For me, Mexican cooking is all about the terroir, so I always try to cook with fresh, local ingredients and that’s a big part of the what I’m doing at Cavita. It’s a sharing menu, which is how I grew up – having a lot of food in the middle of the table. I want it to be generous and fun. The menu opens with a raw selection that includes Carlingford rock oysters with Clamato oil and jalapeño vinaigrette; and yellow tail aguachile rojo with watermelon, mezcal and ‘grasshopper’ seasoning. There are also small plates that include Mexican street food staples like tacos and tetelas, and larger plates, which will be based around a selection of moles. These will include sea bream cooked inside banana leaves with axiote marinade roasted peppers and black beans; and chargrilled octopus with guajillo and pasilla adobo, nopales and spring onion.

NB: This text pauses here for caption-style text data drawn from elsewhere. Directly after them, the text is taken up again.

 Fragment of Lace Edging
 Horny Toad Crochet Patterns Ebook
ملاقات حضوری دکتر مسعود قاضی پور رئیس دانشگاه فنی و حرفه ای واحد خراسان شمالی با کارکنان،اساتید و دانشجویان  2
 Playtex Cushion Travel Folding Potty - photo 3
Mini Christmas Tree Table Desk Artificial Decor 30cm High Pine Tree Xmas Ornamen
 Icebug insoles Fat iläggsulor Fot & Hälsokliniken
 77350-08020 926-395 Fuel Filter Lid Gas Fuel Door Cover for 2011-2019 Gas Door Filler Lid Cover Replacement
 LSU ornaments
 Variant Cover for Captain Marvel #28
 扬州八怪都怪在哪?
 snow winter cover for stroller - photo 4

How often will the menu change?
It’ll change three or four times per year, with the seasons. Some dishes will be on there permanently, though, like the tuna tostada and the Baja fish taco. A lot of the menu development will be focused on the street food section and larger dishes. There’s a lot of space to play with there.

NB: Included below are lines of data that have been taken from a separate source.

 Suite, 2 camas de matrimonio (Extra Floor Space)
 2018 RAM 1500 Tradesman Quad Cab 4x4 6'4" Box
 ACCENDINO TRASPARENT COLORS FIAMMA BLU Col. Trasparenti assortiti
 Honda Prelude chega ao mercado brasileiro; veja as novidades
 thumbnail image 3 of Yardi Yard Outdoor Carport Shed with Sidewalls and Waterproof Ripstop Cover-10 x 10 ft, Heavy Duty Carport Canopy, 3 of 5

With Pujol and El Bulli, you’ve worked at two of the best restaurants in the world. How have those experiences influenced your plans for Cavita?
I’ve worked at Pujol twice in my life. The first time was when I was 17 and Mexican cuisine was just developing beyond its street food roots at the time. When I returned, it was after my time at El Bulli. I travelled with Enrique [Olvera, Pujol’s owner and head chef] around Mexico, doing events, and that helped me understand how to professionalise the Mexican cuisine and take it more seriously. I learnt how to elevate my cooking style. El Bulli was the first restaurant I worked in after I completed my university studies. I remember just thinking ‘wow’ when I first arrived there. The organisation of the kitchen, the communication, the quality of the ingredients. There was high morale and a real work ethos. It was tough, but I learnt a lot and I still have friends and fond memories from there. The textures and flavours I use and my grasp of different cooking techniques, it all stems from there.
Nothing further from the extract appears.